For a long time I wondered
how prelinking can be done without modifying the binary (and thus breaking
the packaging system). The answer for rpm
appears to be:
the package manager needs to know about prelinking as well. I have to find
some time to read Jakub's
prelink paper (PDF).
Back to a serious work now.
3 replies for this story:
Vasek Stodulka wrote:
Yes, prelink. It shoud be written at the top of rpm man page (maybe also bold and red) that prelink modifies binaries and RPM knows about it. Most people find differences and then hunt ghosts - just like you. I only wonder how a guru like you do not know this. :-)
Yenya wrote: Too much knowledge
I think hunting ghosts is not bad per se, provided that I find the right answer after all.
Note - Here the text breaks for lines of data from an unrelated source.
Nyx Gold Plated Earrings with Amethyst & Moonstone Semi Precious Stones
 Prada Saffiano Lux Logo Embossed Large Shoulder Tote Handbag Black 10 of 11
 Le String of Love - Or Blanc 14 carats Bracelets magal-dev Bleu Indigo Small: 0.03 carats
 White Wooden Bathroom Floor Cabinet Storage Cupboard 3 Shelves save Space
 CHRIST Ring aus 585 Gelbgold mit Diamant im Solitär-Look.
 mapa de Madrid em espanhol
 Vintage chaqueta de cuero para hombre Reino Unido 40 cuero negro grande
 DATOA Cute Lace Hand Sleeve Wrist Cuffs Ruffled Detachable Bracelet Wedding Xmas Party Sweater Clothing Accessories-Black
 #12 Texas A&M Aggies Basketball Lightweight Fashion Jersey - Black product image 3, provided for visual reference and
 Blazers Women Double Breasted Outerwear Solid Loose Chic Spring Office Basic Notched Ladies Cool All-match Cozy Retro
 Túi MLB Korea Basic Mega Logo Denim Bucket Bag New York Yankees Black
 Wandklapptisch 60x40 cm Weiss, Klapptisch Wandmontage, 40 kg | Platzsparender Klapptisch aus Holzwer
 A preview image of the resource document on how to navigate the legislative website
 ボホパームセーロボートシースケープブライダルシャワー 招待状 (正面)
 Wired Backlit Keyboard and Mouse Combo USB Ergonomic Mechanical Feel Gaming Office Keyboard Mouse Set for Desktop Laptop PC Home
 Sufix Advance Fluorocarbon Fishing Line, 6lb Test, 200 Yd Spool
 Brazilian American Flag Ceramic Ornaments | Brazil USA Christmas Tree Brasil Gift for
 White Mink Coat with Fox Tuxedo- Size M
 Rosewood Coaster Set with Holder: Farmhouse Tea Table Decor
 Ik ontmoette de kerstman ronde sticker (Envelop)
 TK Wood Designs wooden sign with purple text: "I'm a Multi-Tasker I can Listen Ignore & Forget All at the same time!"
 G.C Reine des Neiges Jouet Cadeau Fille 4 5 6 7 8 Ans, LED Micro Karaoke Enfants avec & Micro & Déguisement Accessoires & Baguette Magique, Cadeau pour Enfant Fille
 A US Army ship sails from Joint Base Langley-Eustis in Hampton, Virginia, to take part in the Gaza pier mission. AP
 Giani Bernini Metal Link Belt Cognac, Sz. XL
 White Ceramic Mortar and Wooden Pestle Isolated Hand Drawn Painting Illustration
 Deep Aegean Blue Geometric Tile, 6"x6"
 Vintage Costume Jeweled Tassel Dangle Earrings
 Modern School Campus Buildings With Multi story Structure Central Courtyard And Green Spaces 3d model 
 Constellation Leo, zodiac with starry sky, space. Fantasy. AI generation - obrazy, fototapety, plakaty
It is probably that I know about many things that can go wrong, so it takes time to find the right one. Last week one of my students asked me to find out whether he cannot login via KDM any more after installing some completely unrelated package. I have traced the X startup scripts and so on, and it took me at least quarter an hour before I ran "df /" and discovered that his root filesystem is full...
Peter Kruty wrote: knowledge
Right, there is so much knowledge about the live Linux system, that sometimes tooks time to find out right source of the problems.